Вдали слышался грохот ожесточенной бомбардировки. На фоне темного неба вспыхивали зарницы, клубами вздымалась желтая пыль.
- Это Фигерас, - сказал Мигель. - Бомбят Фигерас.
Они смотрели в сторону Фигераса. Лола - рядом с ним. Она говорила не всем. Говорила только ему одному, очень тихо, пока они смотрели на пыль, на далекие взрывы бомб. Она сказала, что ей двадцать два года - на три года больше, чем ему, - а он прибавил себе пять лет, сказав, что ему исполнилось двадцать четыре. Она сообщила, что жила в Альбасете и пошла на войну за своим женихом. Они вместе учились - На химическом факультете, - и она Пошла за ним, но его расстреляли марокканцы в Овиедо. Он ей рассказал, что приехал из Мексики, что жил там неподалеку от моря, где очень тепло и много фруктов. Она попросила его рассказать о тропических фруктах и очень смеялась над их странными названиями, которых раньше никогда не слышала. По ее мнению, слово "мамэй" больше подходит для яда, а "гуанабана" - для птицы. Он сказал, что любит лошадей и что сначала был зачислен в кавалерию, а сейчас нет лошадей и вообще ничего нет. Она сказала, что никогда не ездила верхом, и Он старался объяснить ей, как это здорово - мчаться на коне рано утром по берегу моря, когда воздух Пахнет йодом и солонит губы, когда северный ветер уже сдает, но дождик еще стегает голую грудь и смешивается с пеной, летящей из-под копыт. Ей понравилось. Она сказала, что, может быть, соль еще не смылась, и поцеловала его. Остальные заснули у костра. Пламя угасало. Он поднялся, чтобы раздуть огонь, ощущая на губах вкус Лолы. Увидев, что все трое уже спят, прижавшись друг к другу, чтобы согреться, Он вернулся к Лоле. Она распахнула куртку, стеганную овечьей шерстью, и Он соединил руки на спине девушки, на жесткой бумажной блузке, а она прикрыла его спину своей курткой. Сказала ему на ухо, что им надо назначить место для встречи, если они потеряют друг друга. Он сказал, что можно встретиться в известном кафе около Сибелес, "когда мы освободим Мадрид", а она ответила, что лучше увидеться в Мексике, и Он согласился: на портовой площади в Веракрусе, под аркадами в кафе Ла Паррокиа. Они будут пить кофе и есть крабов.
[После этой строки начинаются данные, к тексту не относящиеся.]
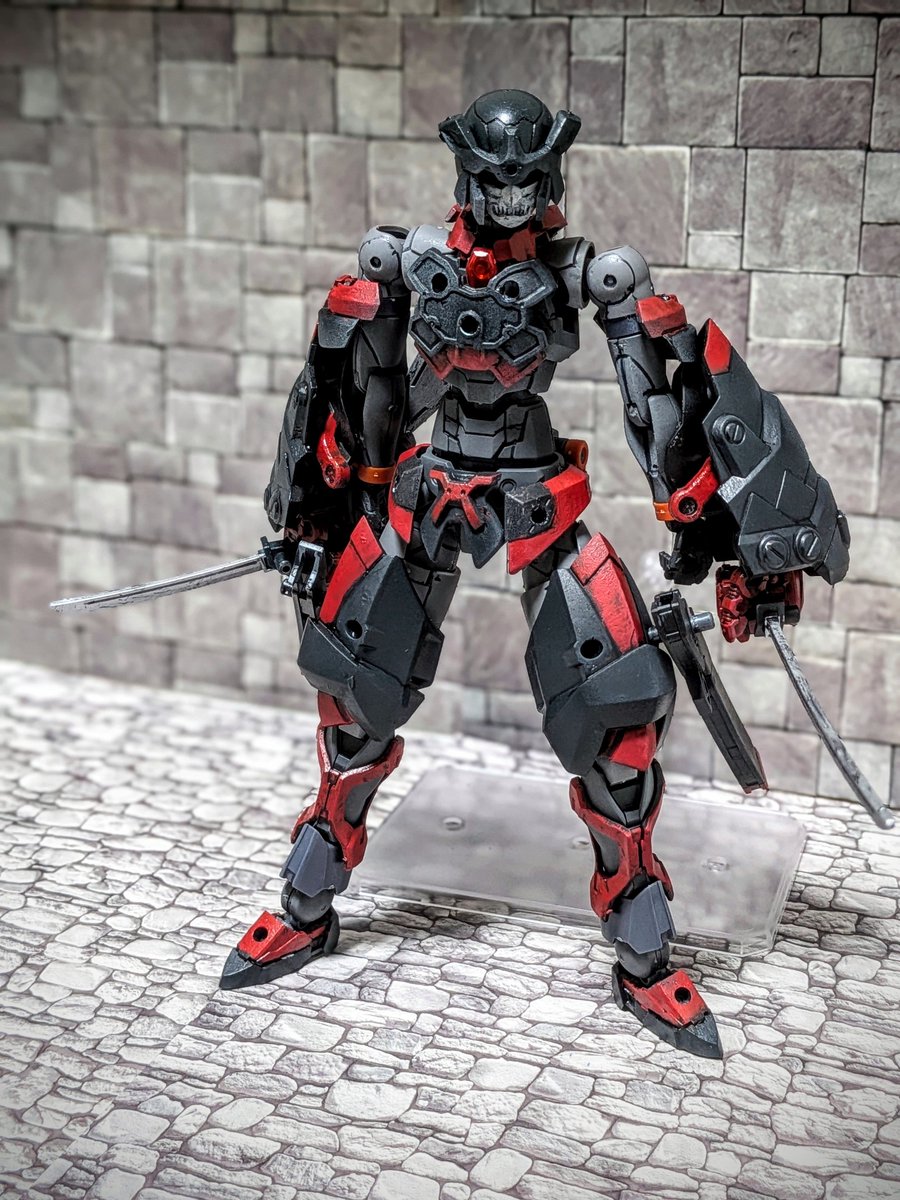 Neo_CCat0513's tweet photo. 【鉄禍ノ下忍】
陽ノ阿国に仕える下級の忍者。
見た目は武術陣営に見えるが「忍術」という怪しい技を行使することから、魔術陣営と行動をともにする。実のところは、国から派遣された密偵であり、国外の冒険者等の実力を探っている。
#30MF財宝争奪戦
#魔術で参戦 https://t.co/u6T3X2XWEQ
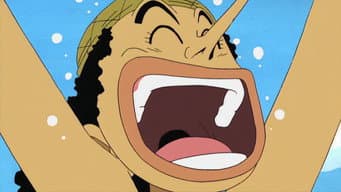 Honorável Mentiroso? Capitão Usopp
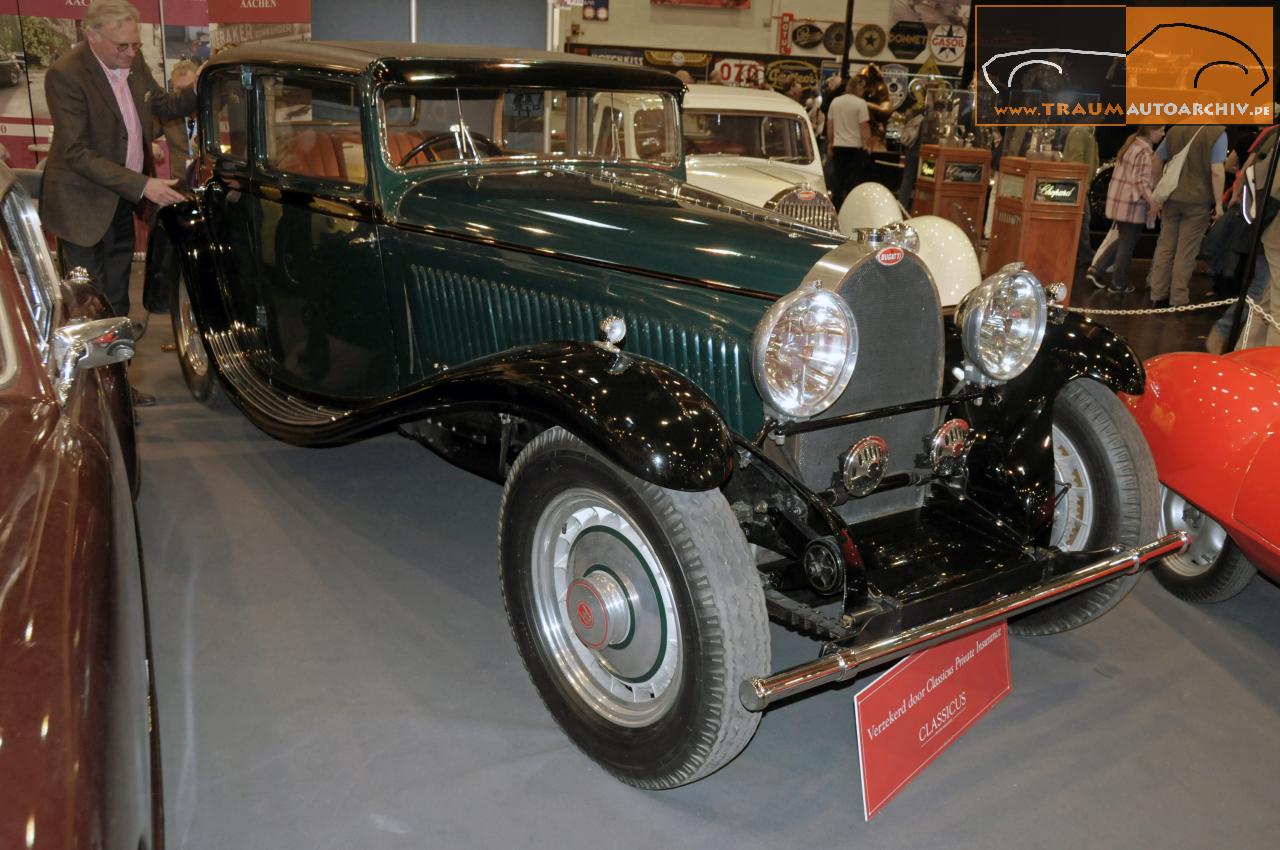 Bugatti Typ 46 Saloon Freestone and Webb VIN.46533 '1932.jpg 149.9K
Она улыбнулась, Он - тоже и сказал, что ему хочется растрепать ее кудри и поцеловать, а она, придвинувшись, сняла с него фуражку и взлохматила волосы. Он, просунув руки под бумажную блузку, гладил ее спину, ласкал ничем не стесненные груди и уже больше ни о чем не думал, и она, наверное, тоже, потому что не было слов в ее бессвязном шепоте, в котором изливалась душа, слышалось и спасибо, и люблю тебя, и не забудь, и приди…
Они плетутся в гору, и впервые Мигель захромал, но не из-за трудного подъема. Холод впивается в ноги, зубастый холод, кусающий лица. Долорес держит под руку своего возлюбленного. Когда Он поглядывает на нее искоса, она мрачнеет, а когда повертывается лицом - расцветает в улыбке. Он думает только об одном - и все думают об этом, - чтобы не было бури. Только у него одного есть ружье, а в ружье - только две пули. Мигель сказал, что не надо бояться.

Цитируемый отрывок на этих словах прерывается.